Pieces of Light: A Year on Colorado's Front Range


Susan J. Tweit

Illustrations: Ann Douden

Roberts Rinehart, 1990

Clothbound, OP

Best Trade Book, Rocky Mountain Book Publisher's Association


Pieces of Light is a book to be taken up on a rainy afternoon or a snowy night, a book to be immediately absorbed by, to delight in for years. -- Bloomsbury Review


A lovely piece of work whose author shows great serenity of spirit and the ability to be captivated by small things. -- Ann Zwinger


I am sure that other readers... will be astonished and intrigued as Susan calls attention to the myriads of earth's wonders they have missed or not appreciated. -- J. David Love

 

(From "Thursday, 19 May") Late this afternoon, while wading across town in the pouring rain to pick up our car, I crossed an irrigation ditch and stopped to watch the water.

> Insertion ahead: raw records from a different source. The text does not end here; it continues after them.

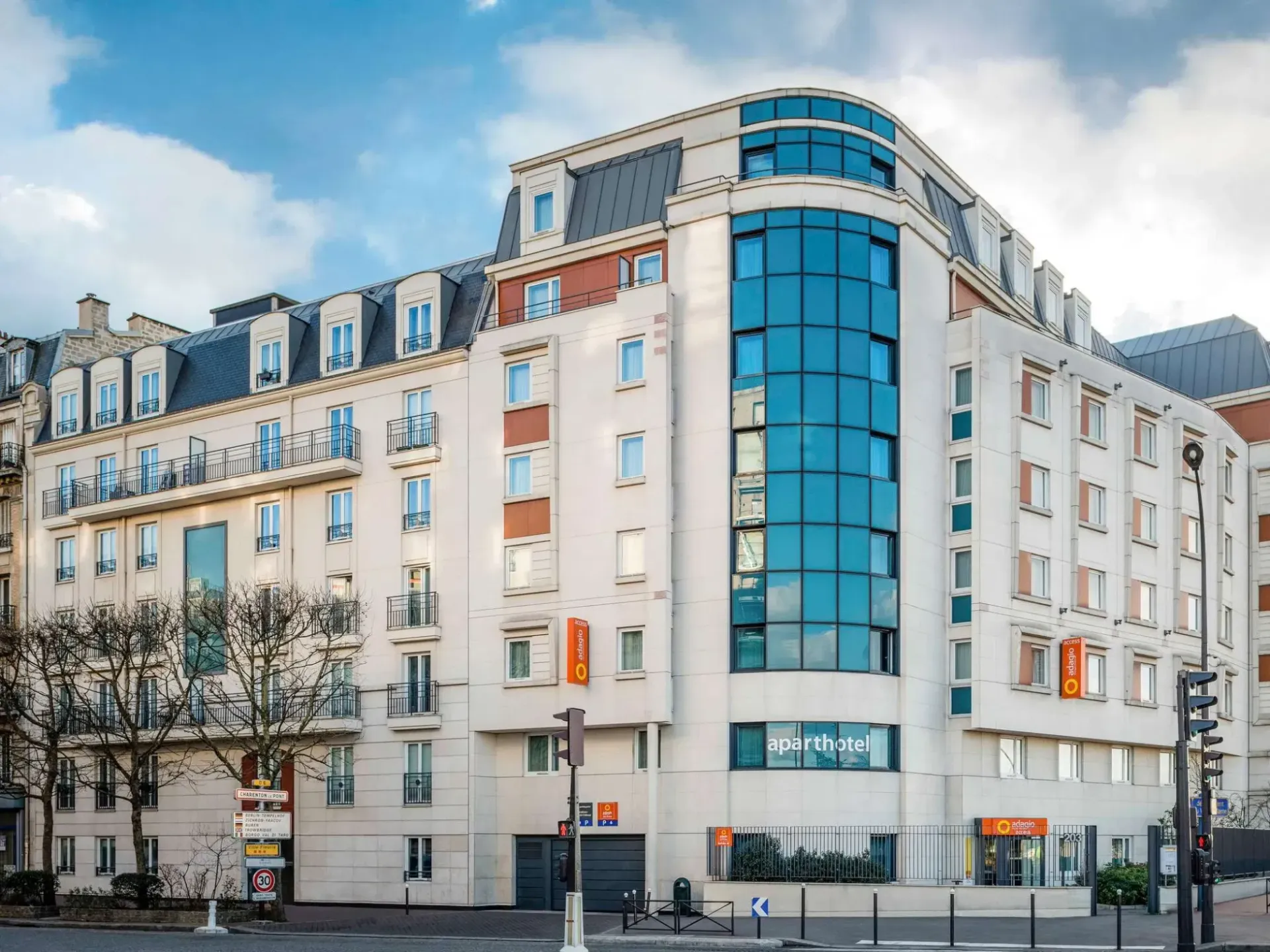 Aparthotel Adagio Access Paris Porte de Charenton 1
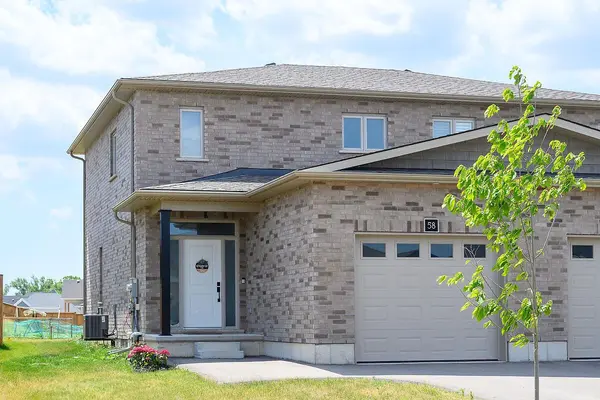 58 Peachleaf LN, Norfolk, ON N0E 1Y0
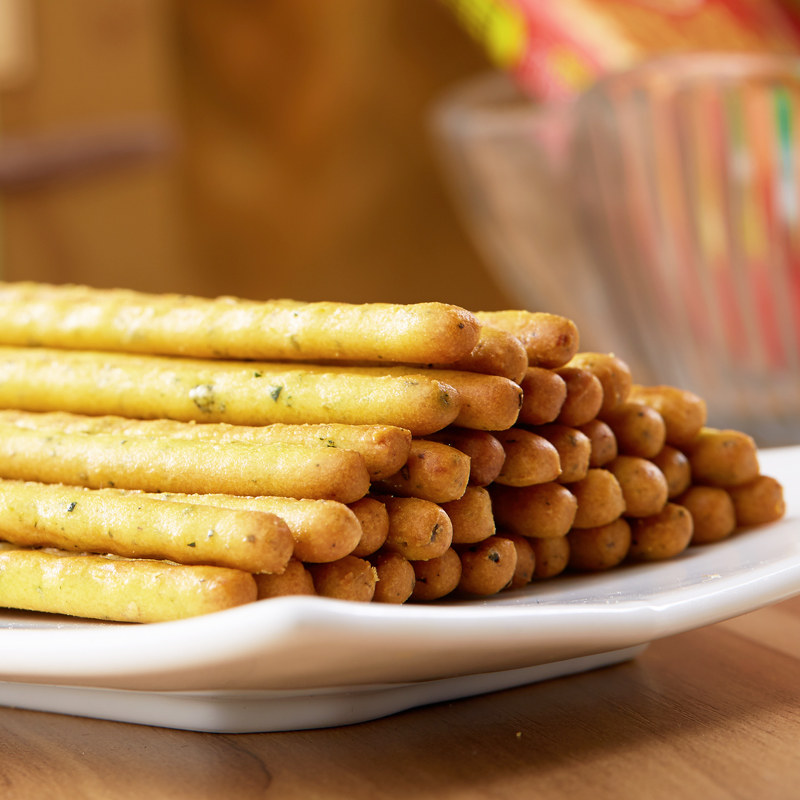 金富士饼干 脆美司蔬菜棒棒饼128g 8小包 清真食品 儿童零食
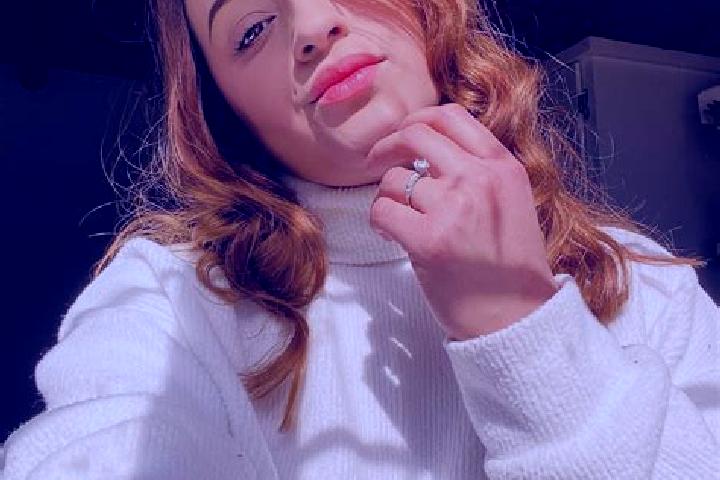 Ellie, 35 — Escort in Cey, Turkey
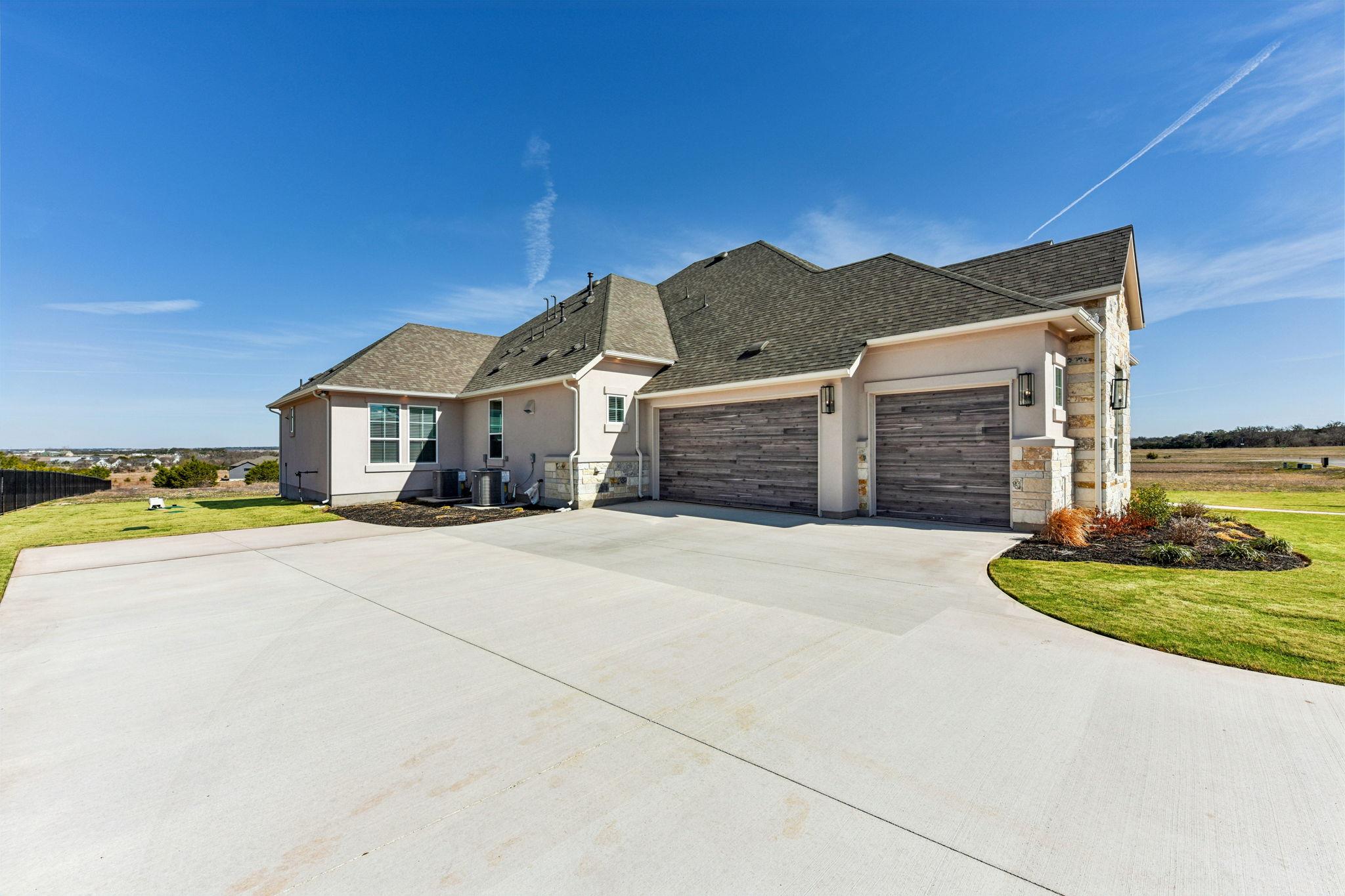 1001 Doelling Dr Property Photo 3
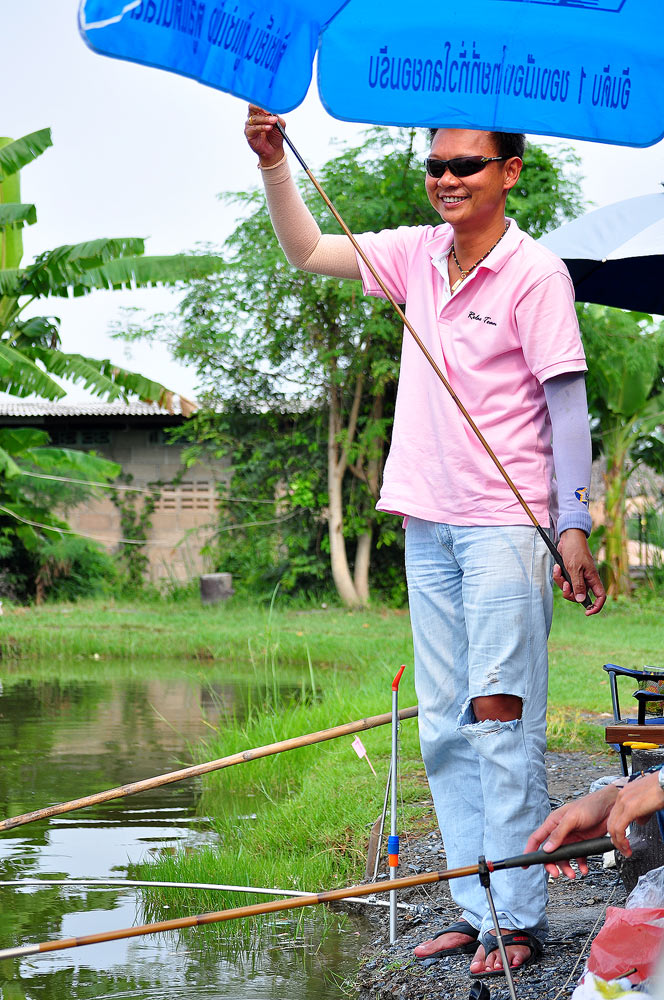 น้านกเหงา เจอปลาใหญ่เข้าให้ครับ  :laughi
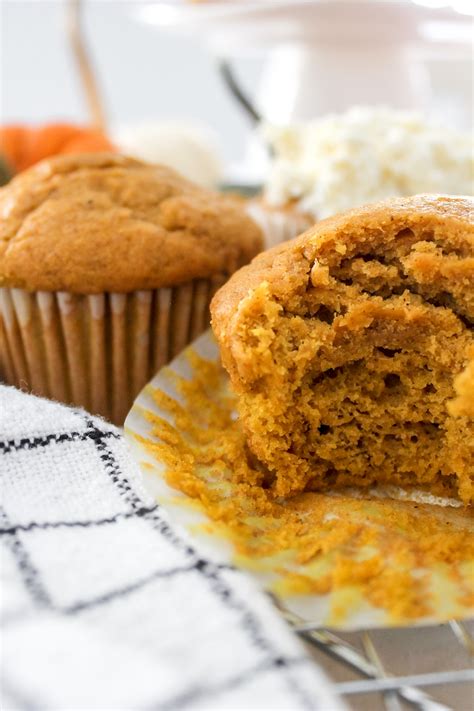 Easy and Delicious Pumpkin Spice Muffins (Moist) - The Seasoned Skillet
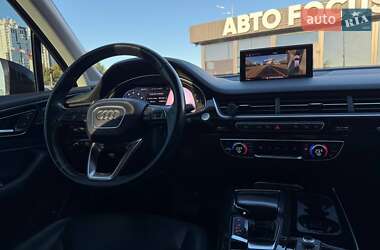 Внедорожник / Кроссовер Audi Q7 2017 в 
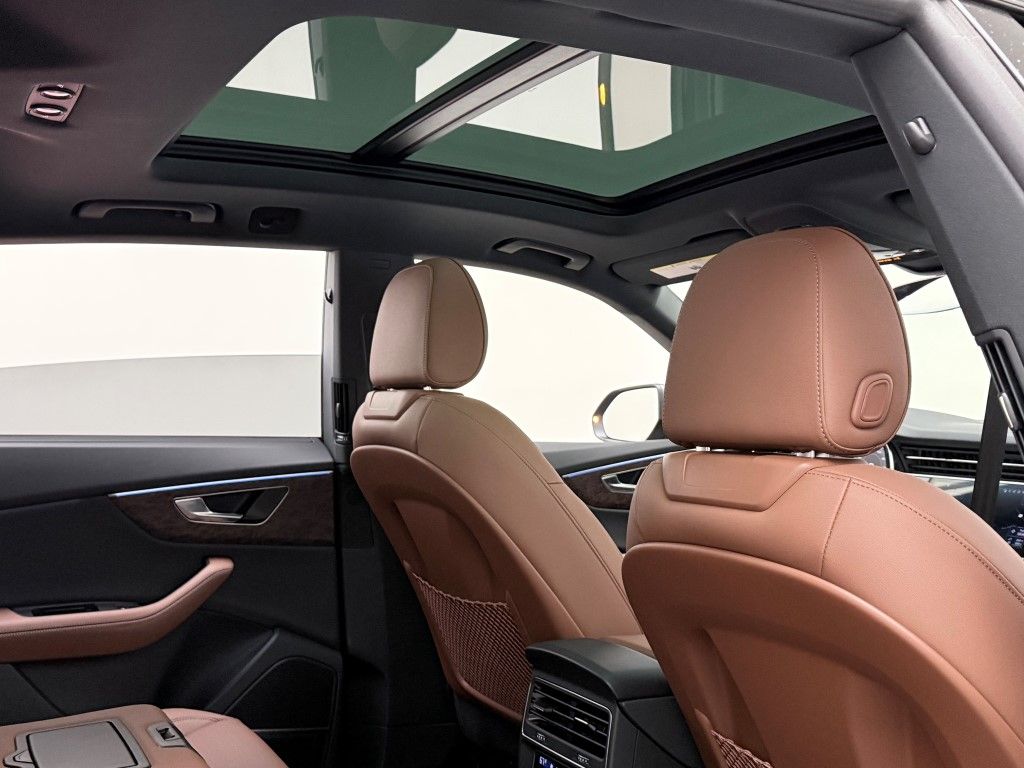 Thumbnail: 2026 Audi Q8 - 15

The muddy brown torrent looked to have risen at least a foot from its level this morning. As I watched, turning my umbrella to shelter my face from blowing rain and splashing stream of traffic, I spotted a mottled brown form preening itself on the bank at the edge of the flow. It was raining hard, and the sodden animal was all curled up, so I couldn't tell what it was. I wiped my rain-soaked glasses and peered harder, trying to discern details through the streaming downpour. The whatever-it-was solved the mystery by uncurling itself in one lithe movement and pushing off from the bank, swimming upstream against the muddy torrent. It was brown all right, and about the size of a cat, but with a long scaly tail. A muskrat. It half-swam, half-crawled against the flood, staying close to the edge and pulling itself along by grasping the sparse vegetation protruding from the bank. ...

The muskrat continued to crawl/swim upstream. Suddenly it vanished, disappearing under the brown water. I wiped my glasses again and peered intently at the rushing water in the early dusk, concerned, until I realized that it must have found an underwater entrance to its burrow--unless it drowned. A passing truck splattered me with cold water, bringing me back to the driving rain and splashing roar of the traffic. I hunched my shoulders, attempting to shrink under the shelter of my umbrella, and waded away, hoping that the muskrat had found its burrow and was curled up inside, dray and warm.